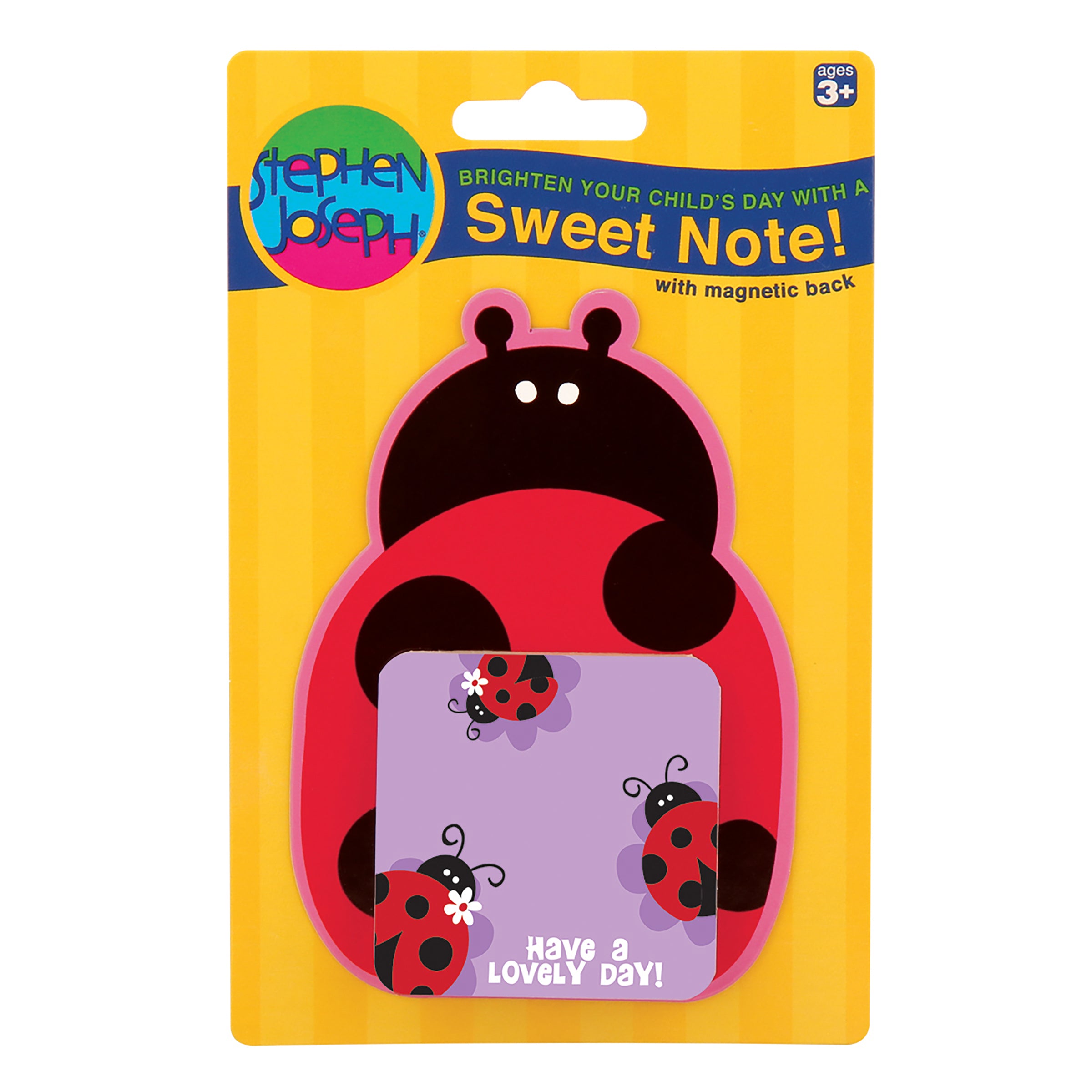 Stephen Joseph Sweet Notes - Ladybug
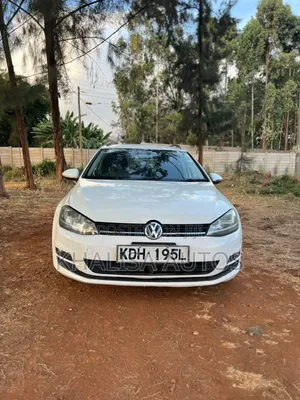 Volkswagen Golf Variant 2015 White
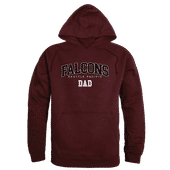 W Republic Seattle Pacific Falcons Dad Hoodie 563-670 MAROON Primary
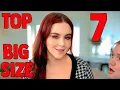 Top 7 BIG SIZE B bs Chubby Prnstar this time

### DESCRIPTION OF THE TASK
Output the lines above in full and exactly as given, omitting any pictures.

### ANSWER
 Stephen Joseph Sweet Notes - Ladybug
 Volkswagen Golf Variant 2015 White
 W Republic Seattle Pacific Falcons Dad Hoodie 563-670 MAROON Primary
 Top 7 BIG SIZE B bs Chubby Prnstar this time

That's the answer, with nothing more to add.